• _Try it_: The copy should begin at the line containing "二手表销售2025趋势如何？行业数据分析方法全解" and end with the last line below, every line exact and no picture included.

(Given records begins)

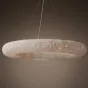 Подвесной светильник Crystal Halo D50 Gold от ImperiumLoft
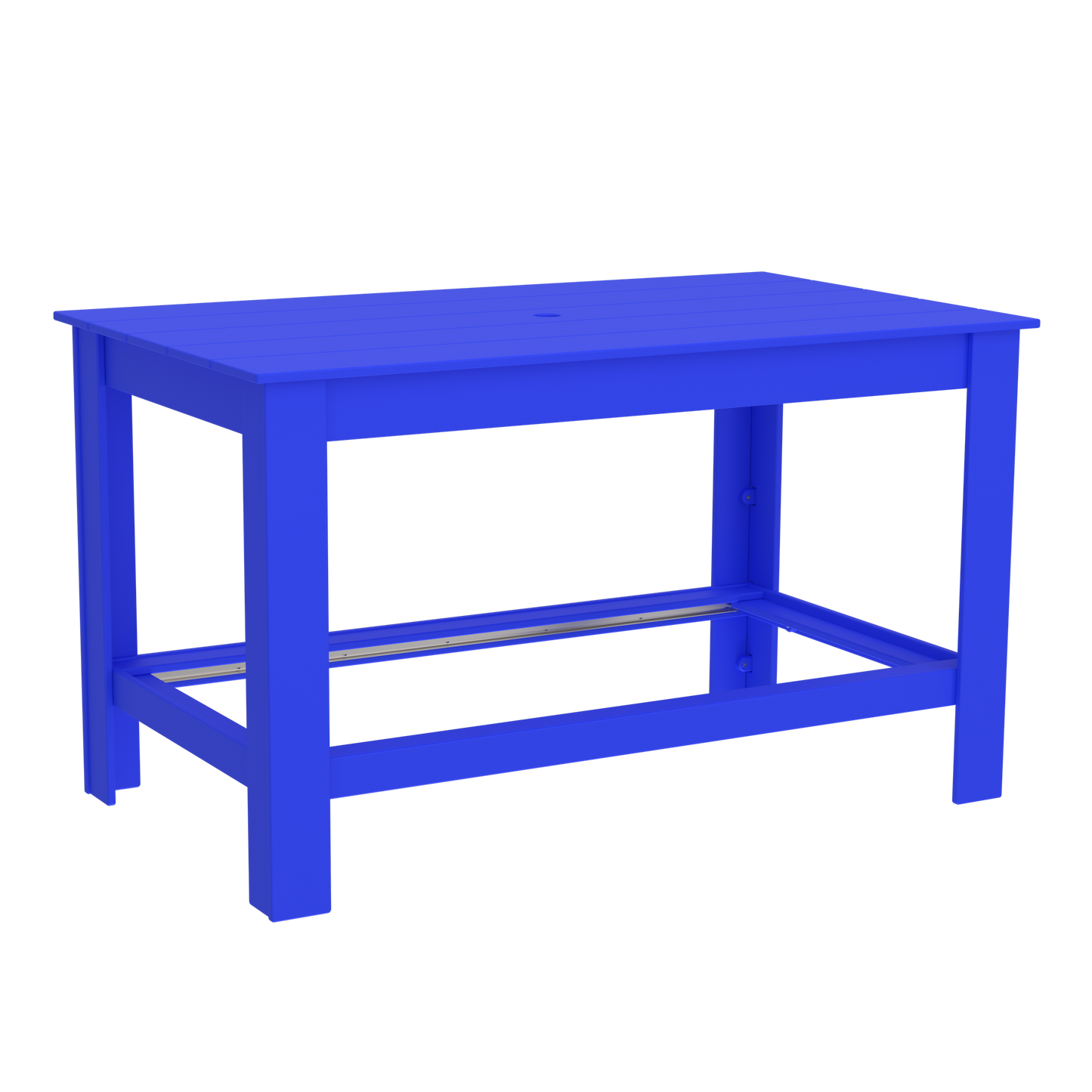 Modern Outdoor Bar Table 72"Wx42"Dx42"H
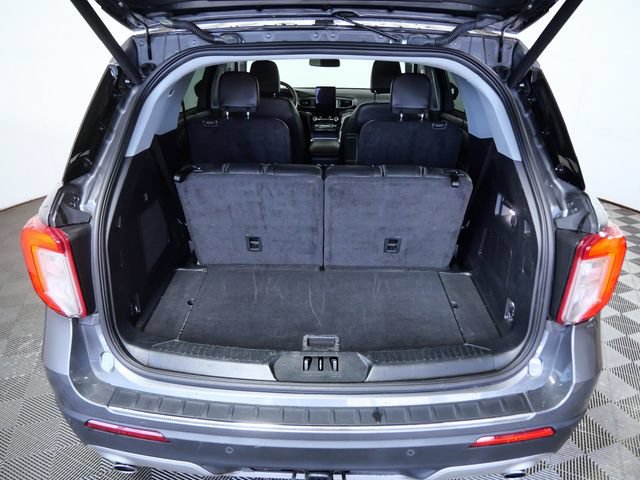 Certified 2023 Ford Explorer Limited w/ Limited Technology Package AWD/4WD image 8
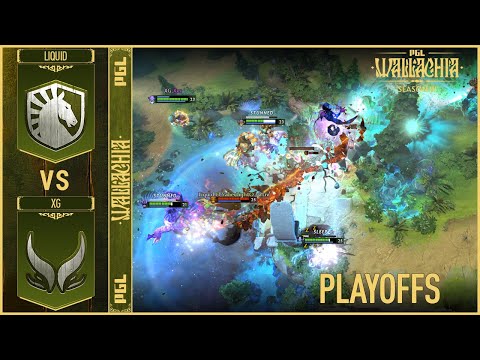 WINNER TO SEMI-FINALS! XTREME vs LIQUID - HIGHLIGHTS - PGL Wallachia Season 3 | DOTA2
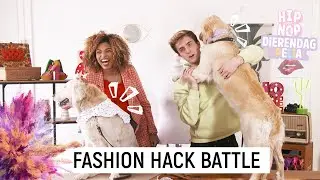 KORTHOM VS. ANNE APPELO #2 | FASHION HACK | NPO Zapp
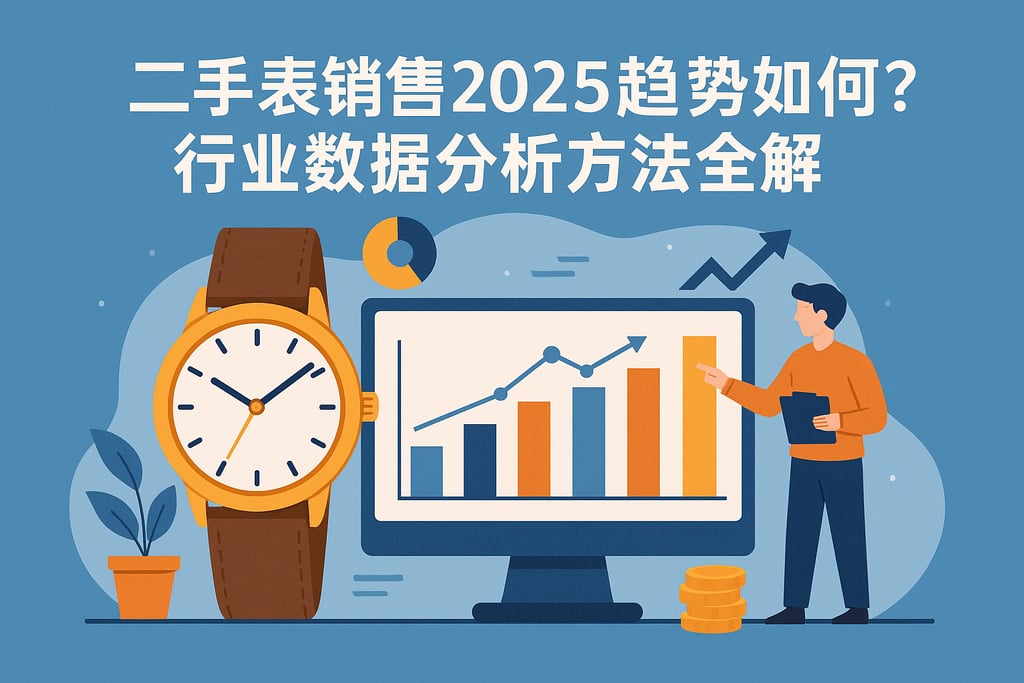 二手表销售2025趋势如何？行业数据分析方法全解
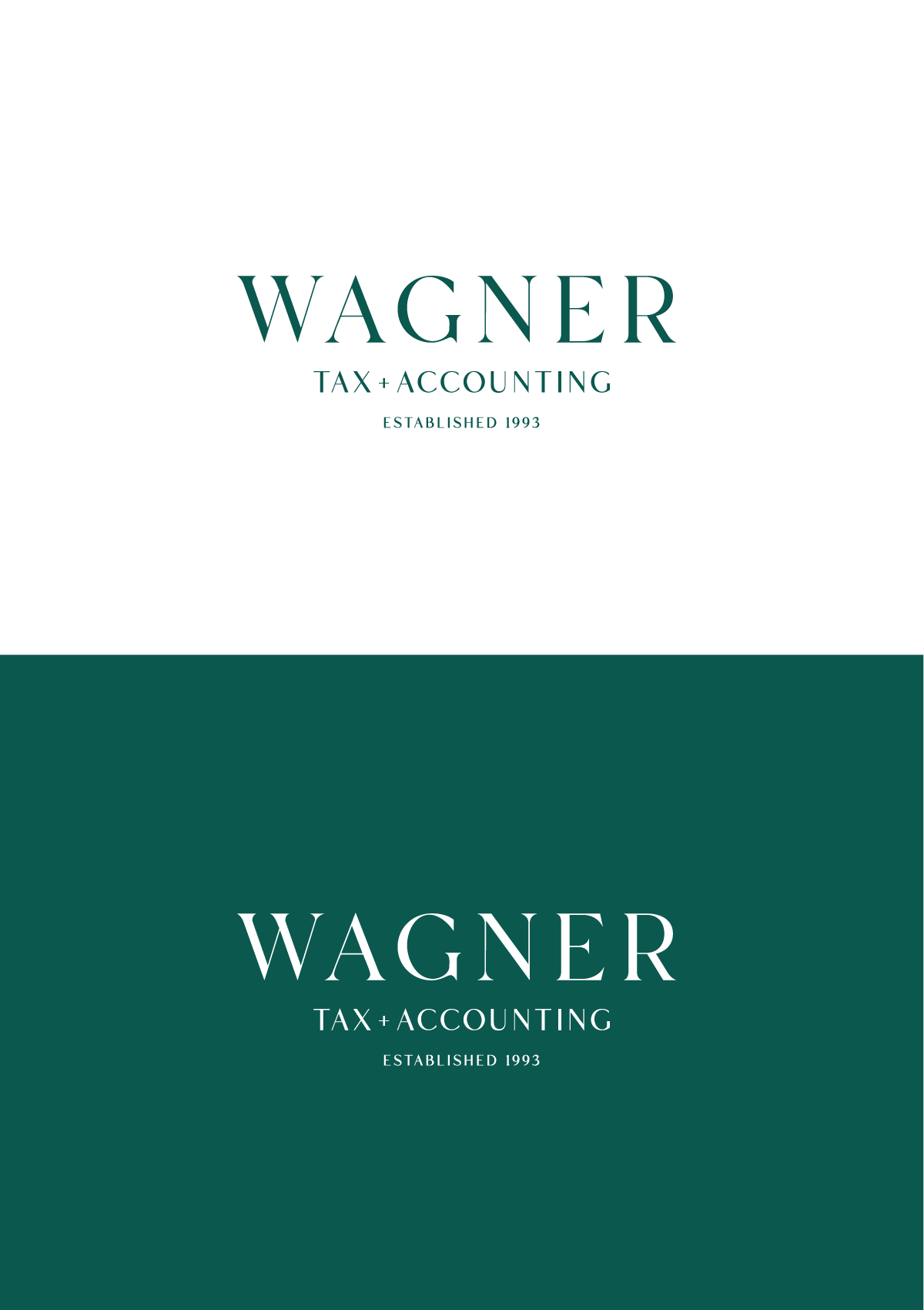 Logo-Design von MX-Design für Wagner Tax + Accounting | Design #31616202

(Given records ends)

• _Result of the exercise_:
 二手表销售2025趋势如何？行业数据分析方法全解
 Logo-Design von MX-Design für Wagner Tax + Accounting | Design #31616202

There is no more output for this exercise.